Initially as you're doing, update your Windows and along with that also update
your system BIOS, as older drivers could be the culprit here.
After that open the command prompt and do a system file scan.
Once command prompt is opened enter the following "sfc /scannow" and hit enter.
Then wait for the scan to finish.
Also if there was any third party antivirus installed on your computer previously uninstall it.
Finally make sure that that your system has sufficient memory (RAM).
If the system is low on memory and drivers are not updated that will make your system sluggish and
you'll not be able to use NVDA efficiently.
Hope this helps
On Tue, Apr 7, 2020 at 5:45 AM Jackie <abletec@...
Ok, so this is just my experience, & I don't pretend or contend that
it's applicable to anyone else who's experienced NVDA sluggishness so
severe as to render it unusable. Having thus said, though, it might be
something folks might wish to consider when troubleshooting this for
I have a computer I was going to give to my daughter. Unfortunately,
it intermittently kept going into bios instead of booting into
windows. Resetting the computer didn't help. I therefore suspected
either the hard drive or the CMOS battery. Husband Karl took it apart
to replace the battery. He never did find 1 (they're starting not to
use those anymore), but he did find a cable that seemed to have become
detached, which he reconnected. It was still very slow, but at least
it didn't go into bios anymore. I then did a 2nd pc reset, removing
all user files. Once that was done, it was still really slow, I could
just barely use Narrator, &, imo, that's barely usable anyway, though
it is much improved from earlier incarnations. Forget about NVDA--it
simply was not happening. So the first thing I did was disable 1 drive
& Skype from starting up automatically, which tends to occur when
signing into windows via a Microsoft account. That sped things up
*considerably* & NVDA became quite usable at that point.
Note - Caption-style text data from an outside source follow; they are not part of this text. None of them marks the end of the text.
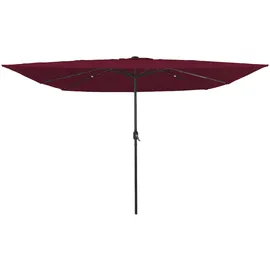 vidaXL Sonnenschirm mit LED-Leuchten 295 x 245 cm Bordeaux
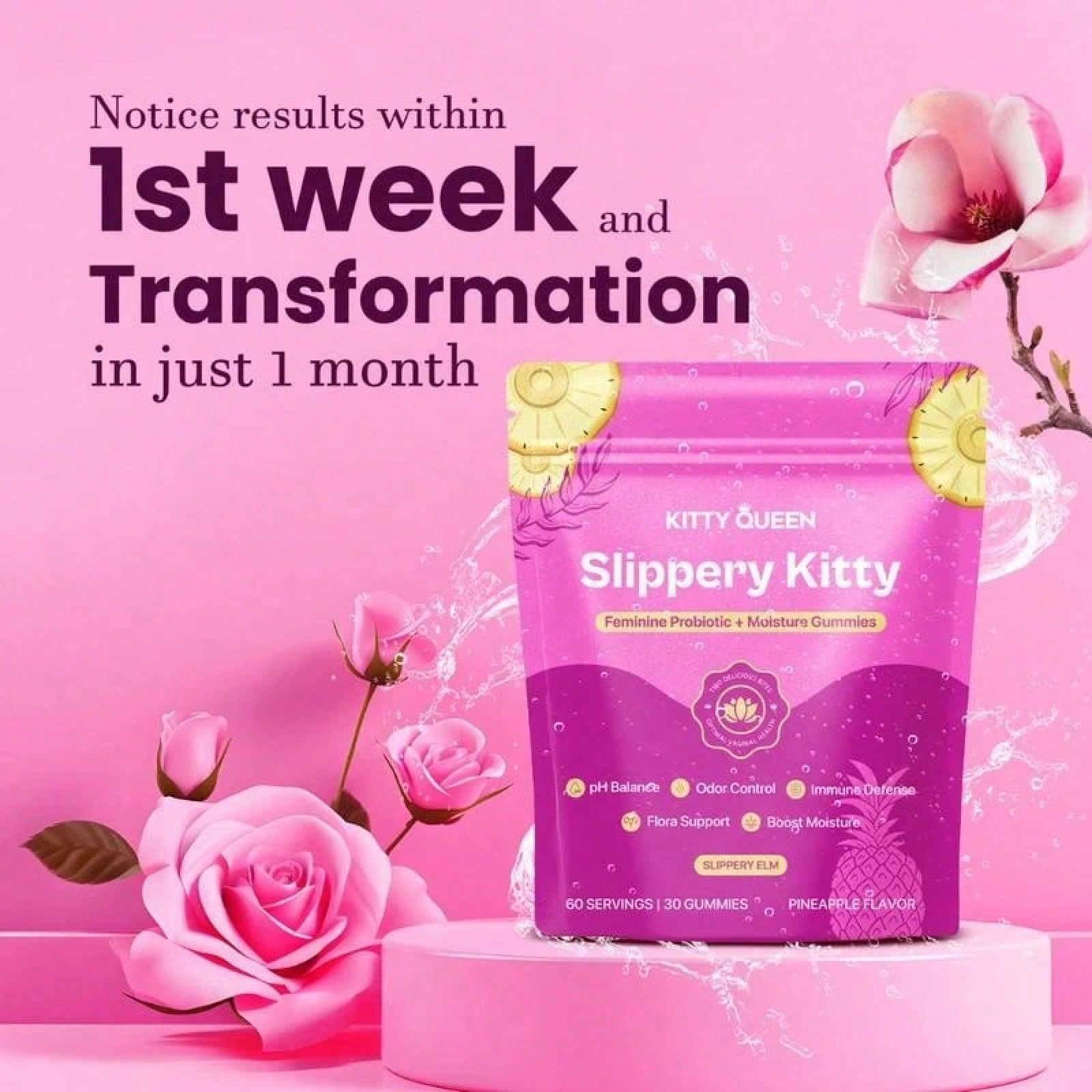 Slippery Kitty Feminine Probiotic + Moisture Gummies – All in One Solution with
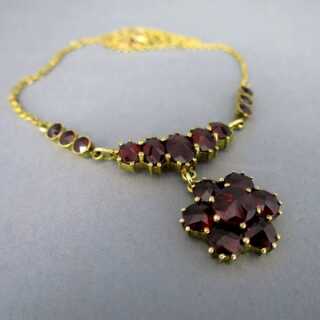 Vintage collier necklace in gold and faceted garnets handmade 50ties jewelry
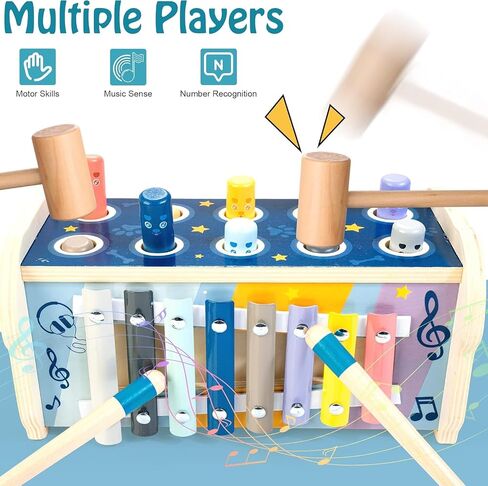 Wooden Hammering Pounding Toy Montessori Toys for 1 Year Old | Pounding Bench, Xylophone, Number Maze Puzzle, Educational Toddler Activities Birthday Gift for 1 2 3 Year Old Boys Girls in Kuwait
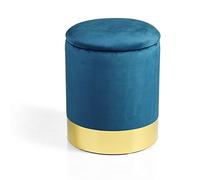 Baroni Home Puf con almacenaje, Terciopelo, 31X31X39 - Azul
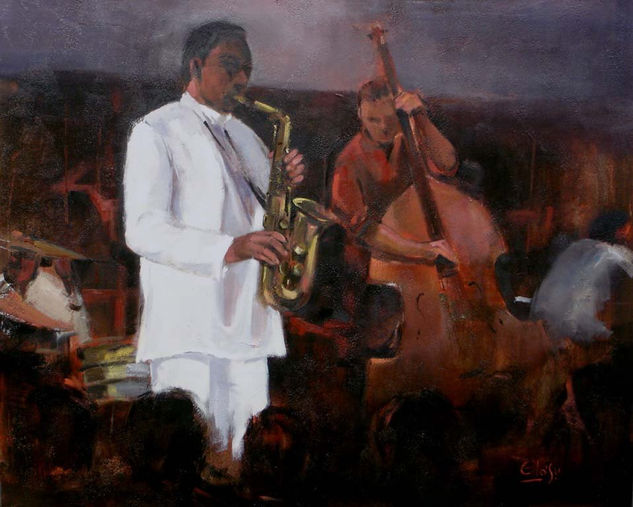 Jazz Oil Canvas Figure Painting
The bios is 3 versions behind for this machine. Whenever the Windows
10 update finishes (it's a big 1), I'm going to update the bios & pray
I don't brick the machine in doing so. At that point I'll see what
other driver updates are available. I also think I'm gonna run some
hard drive diagnostics to make sure that the hard drive isn't in
trouble, though that's beginning to look less likely now than it did a
day ago. Despite the first reset, I do think the files were corrupted
because of the hardware problems this machine was experiencing, thus
necessitating a 2nd one. The machine is still not as fast as I'd like
to see it, but it's improving.
This was clearly a complex set of issues, but that's actually pretty
typical when fixing these beasties--it's fairly seldom that only 1
thing is wrong w/them, at least from my experience, which is about 30
years worth. I think my point is that if NVDA isn't usable on a given
machine, it's most likely there's something (or things) wrong w/that
machine. Usually, if one thinks about it, the machine is having other
difficulties as well, & these, although annoying, may actually help to
troubleshoot the problem. If you're getting out of memory errors, for
example, then perhaps a ram stick is faulty. If you're getting errors
regarding being unable to access files, then perhaps the hard drive is
Anyway, I hth those who might be having problems w/NVDA on win 10 &
who are looking for resolution of the problem. My particular set of
circumstances will not be applicable, but perhaps my thought processes
might be helpful in spurring yours on toward a successful resolution.
Best wishes & much success. Stay well & safe.